On January 1, 2018, Mankayan Company purchased land with valuable natural ore deposits for
P10,000,000. The residual value of the land was P2,000,000. At the time of purchase, a geological
survey estimated a recoverable output of 4,000,000 tons.

Early in 2018, roads were constructed on the land to aid in the extraction and transportation of
the mined ore at a cost of P1,600,000. In 2018,500,000 tons were mined and sold.

A new survey at the end of 2019 estimated 4,200,000 tons of ore available for mining. In
2019,800,000 tons were mined and sold.

1. What amount should be recognized as depletion for 2018?


a. 1,250,000
b. 1,200,000
c. 1,450,000
d. 1,000,000

2. What amount should be recognized as depletion for 2019?


a. 1,344,000
b. 1,920,000
c. 1,200,000
d. 1,600,000

Solution 59-1
Question 1 Answer b

Acquisition cost 10,000,000


Development cost 1,600,000
Total 11,600,000
Residual value of land (2,000,000)
Depletable amount 9,600,000

Rate per ton (9,600,000/4,000,000) 2.40


Depletion for 2018 (500,000 x 2.40) 1,200,000

Question 2 Answer a
Production in 2019 800,000
Estimated output - December 31, 2019 4,200,000
Total estimate – January 1, 2019 5,000,000

Depletable amount 9,600,000


Depletion for 2018 (1,200,000)
Remaining depletable amount 8,400,000

New rate in 2019 (8,400,000 / 5,000,000) 1.68

Depletion for 2019 (800,000 x 1.68) 1,344,000

A change in estimated output is a change in accounting estimate.

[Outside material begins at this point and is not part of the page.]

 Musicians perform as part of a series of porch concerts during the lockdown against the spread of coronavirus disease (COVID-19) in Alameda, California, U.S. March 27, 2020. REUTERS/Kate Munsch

A change in accounting estimate should be accounted for currently and prospectively.

Problem 59-2 (IAA)


In 2015, Sunflower Company acquired a silver mine in Eastern Mindanao. Because the mine is
located deep in the Mindanao frontier, the entity was able to acquire the mine for the low price
of P50,000.

In 2016, the entity constructed a road to the silver mine costing P5,000,000. Improvements and
other development costs made in 2016 cost P750,000.

Because of the improvements to the mine and to the surrounding land, it is estimated that the
mine can be sold for P600,000 when mining activities are complete.

During 2017, a building was constructed near the mine site to house the mine workers and their
families.

The total cost of the building was P2,000,000. Estimated residual value is P200,000.

Geologists estimated that 4,000,000 tons of silver ore could be removed from the mine for
refining.
During 2018, the first year of operations, only 500,000 tons of silver ore were removed from the
mine.

However, in 2019, workers mined 1,000,000 tons of silver.

During that same year, geologists discovered that the mine contained 3,000,000 tons of silver ore
in addition to the original 4,000,000 tons.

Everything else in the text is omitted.